On December 9, 2025, the Department of Justice (DOJ) eliminated disparate-impact liability from its Title VI regulations, effective immediately.[4] Until recently, regulators could argue that even if they were unable to prove intent to discriminate, they could argue a housing provider’s practice disproportionately excluded or harmed a certain protected class.
This effect of EO 14281 and changes to Title VI regulations now require proof of intentional discrimination rather than just disproportionate outcomes. On January 14, 2026, the Department of Housing and Urban Development (HUD) proposed a rule to rescind its fair housing disparate impact regulations, leaving such questions for the courts to decide rather than agency regulation.[5]
But note that Oregon statutes, ORS 659A.145 (Discrimination against individual with disability in real property transactions prohibited) and 659A.421 (Discrimination in selling, renting or leasing real property prohibited) still contain disparate impact language. Given HUD’s directives, one has to wonder when the Bureau of Labor and Industries (“BOLI”), the primary enforcer of fair housing violations in Oregon, will announce its abandonment of those claims. Their website is curiously silent on the issue. ~Phil
[1] “Office of Fair Housing and Equal Opportunity.”

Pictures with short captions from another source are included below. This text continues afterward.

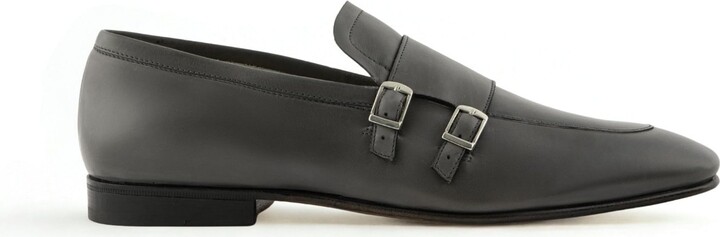 Mariano Shoes Odeceixe Loafer Grey
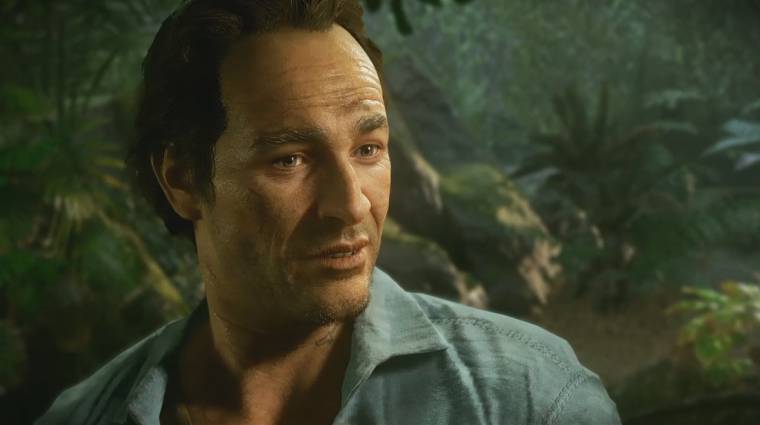 Uncharted 4: A Thief's End - egy országba ajándék DLC-kkel érkezik a Deluxe Edition bevezetőkép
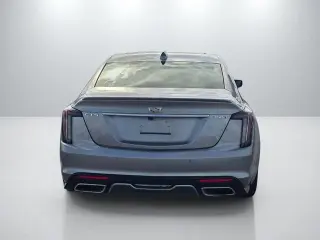 2025 CADILLAC CT5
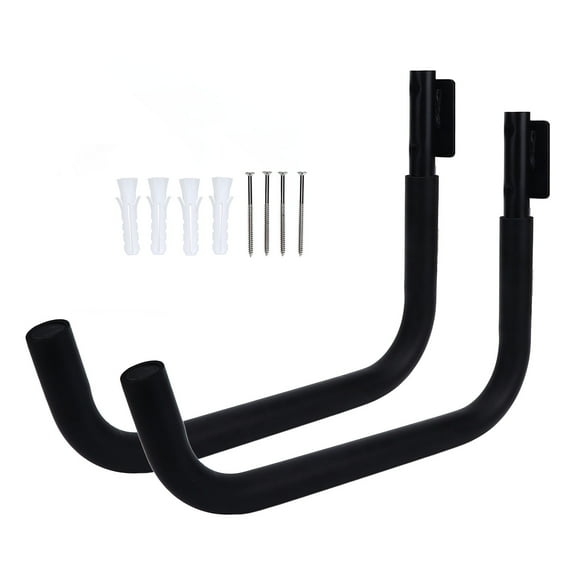 Oubit Kayak Storage,Kayak Rack Wall Mounted Kayak Holder Kayak Rack Best in its Class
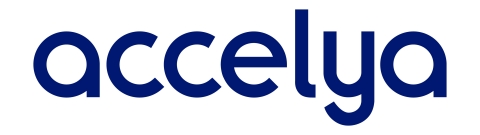 Accelya Logo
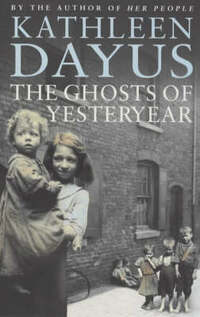 The Ghosts of Yesteryear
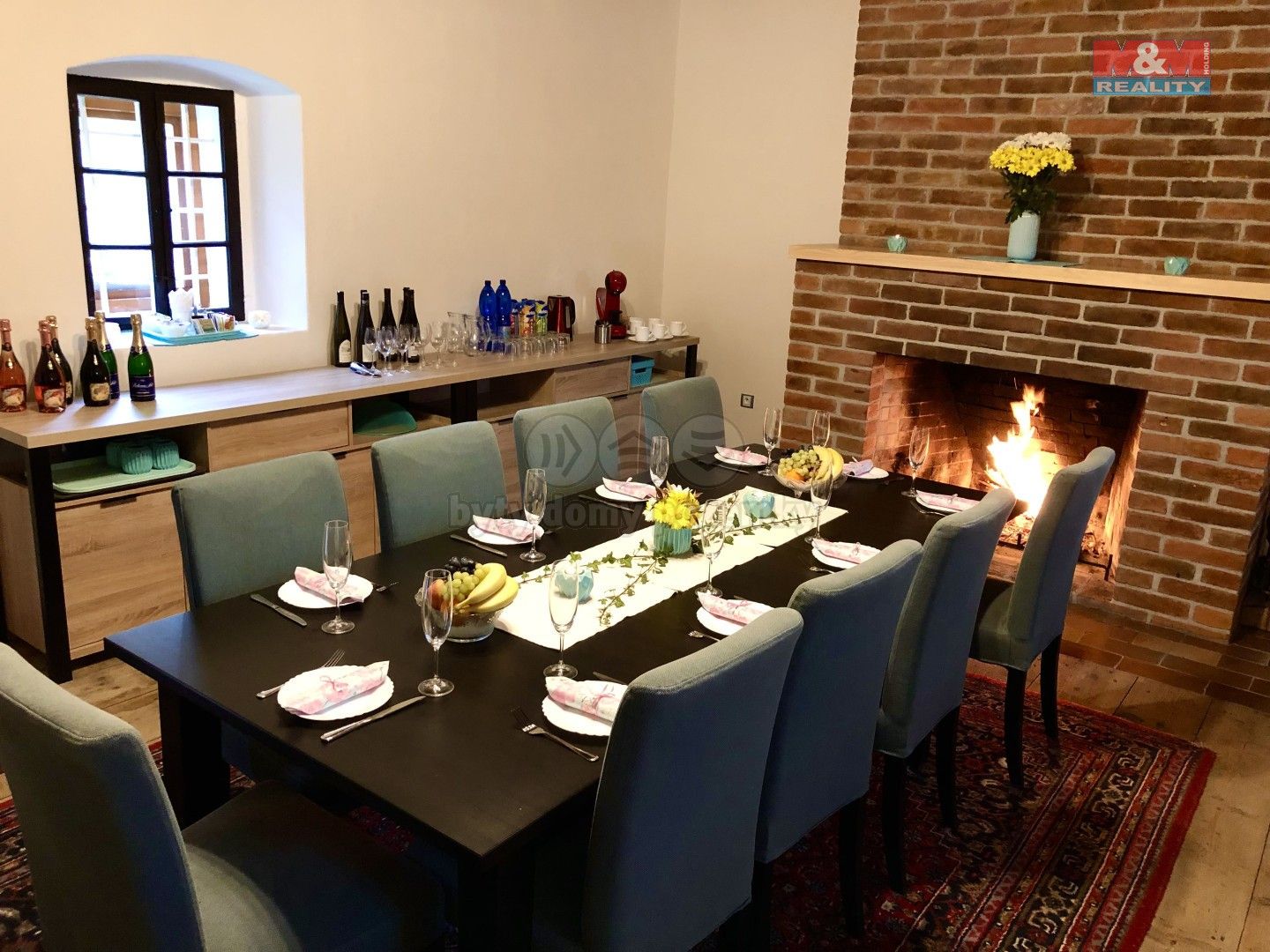 Prodej ubytovací zařízení - Zlíč, Česká Skalice, 247 m²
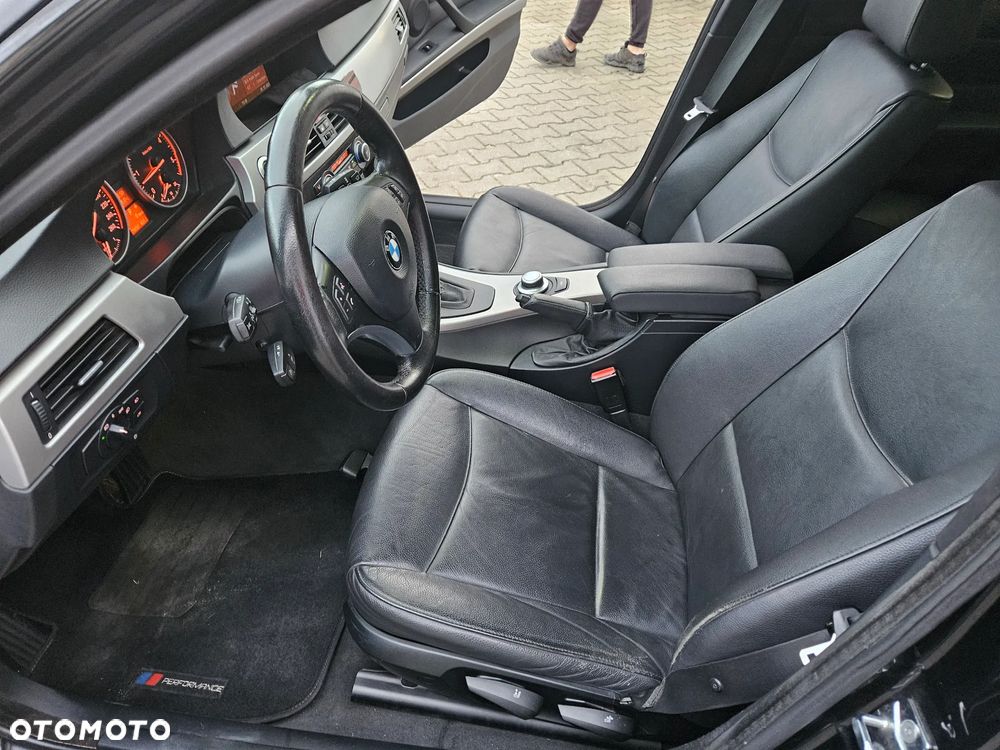 BMW Seria 3 - 20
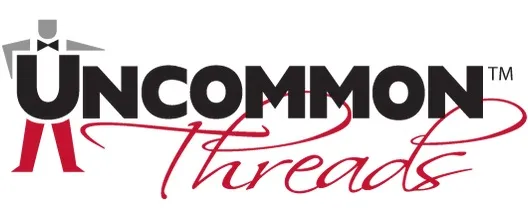 Uncommon Threads Logo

[2] It excluded medical records and other forms documentation.
[3] This site contains a good practical summary of steps to take in dealing with accommodation requests.
[4] Note: The change does not directly affect disparate impact claims under Title VII (employment) or other statutes.

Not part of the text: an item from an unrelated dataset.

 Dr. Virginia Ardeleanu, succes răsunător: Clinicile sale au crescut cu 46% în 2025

[5] However, this is where landlords must be careful. They should not make blanket prohibitions, especially against applicants with a criminal background. See, ORS 90.303 (Evaluation of Applicant). According to the Fair Housing Council, landlords “…must evaluate each case individually. When reviewing a criminal history, consider the following: The nature and severity of the criminal conduct; the time that has elapsed since the conviction or incident; the applicant’s age at the time of the conduct; ant the applicant’s efforts at rehabilitation.”